Discussion
In recent years, organoids have emerged as a game-changer for disease modelling and drug screening. These are three-dimensional, miniaturized, and simplified versions of an organ that mimic some of the key features of the native tissue in vitro. Traditional organoid culture methods consist of embedding these structures in solidified extracellular matrix (ECM), creating highly heterogeneous populations. Moreover, organoids are randomly distributed within the ECM which complicates subsequent readouts and images analyses.

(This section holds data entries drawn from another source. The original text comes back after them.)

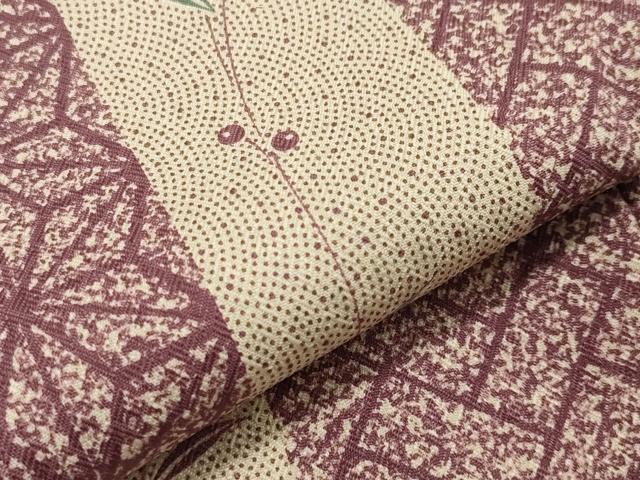 平和屋着物▽小紋 単衣 南天吉祥間道 洗える着物 CAAV8891gh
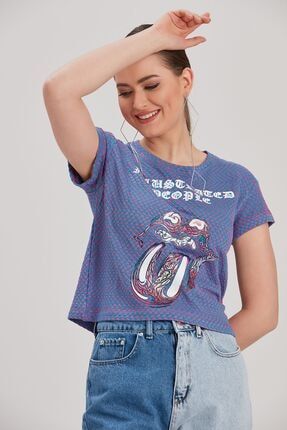 Kadın Mavi Baskılı T-Shirt YL-TS99926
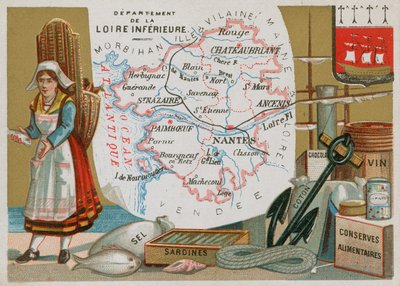 Department of Loire Inferior i det vestlige Frankrike av French School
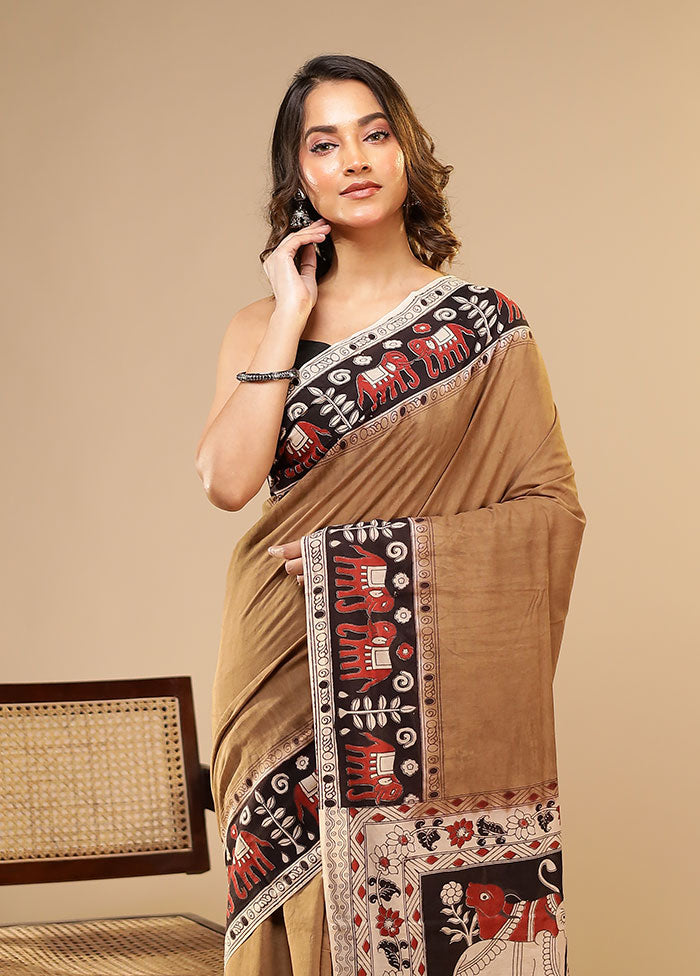 Brown Cotton Saree With Blouse Piece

To overcome these challenges, we used Gri3D®, a ready-to-use platform for high-throughput and reproducible organoid culture. Based on a standard 96 microtiter plate, each well contains a dense microwell array patterned in a cell repellent hydrogel. The platform enables homogenous cell seeding, efficient cell aggregation and subsequent formation of a single organoid per microwell in suspension-like conditions. A uniquely designed pipetting port, adjacent to each well, allows safe media exchange for long-term cultures. The resulting organoids are positioned in predefined locations in the same focal plane, allowing simultaneous tracking.
Combined with the ImageXpress® Micro Confocal system, we followed the development and self-organization of healthy human rectal organoids over time with brightfield imaging. Using an AI-based approach, we efficiently detected each single organoid and characterized their size, diameter, as well as complex morphological features such as lumen. Finally, we investigated the concentration-dependent toxicity of a small panel of compounds using AI-based brightfield image analyses and fluorescence-based readouts.
The combination of the microwell plates and the high-content imager together with AI-based algorithms allows the assessment of phenotypic features at a single-organoid level in an automatable high-throughput fashion.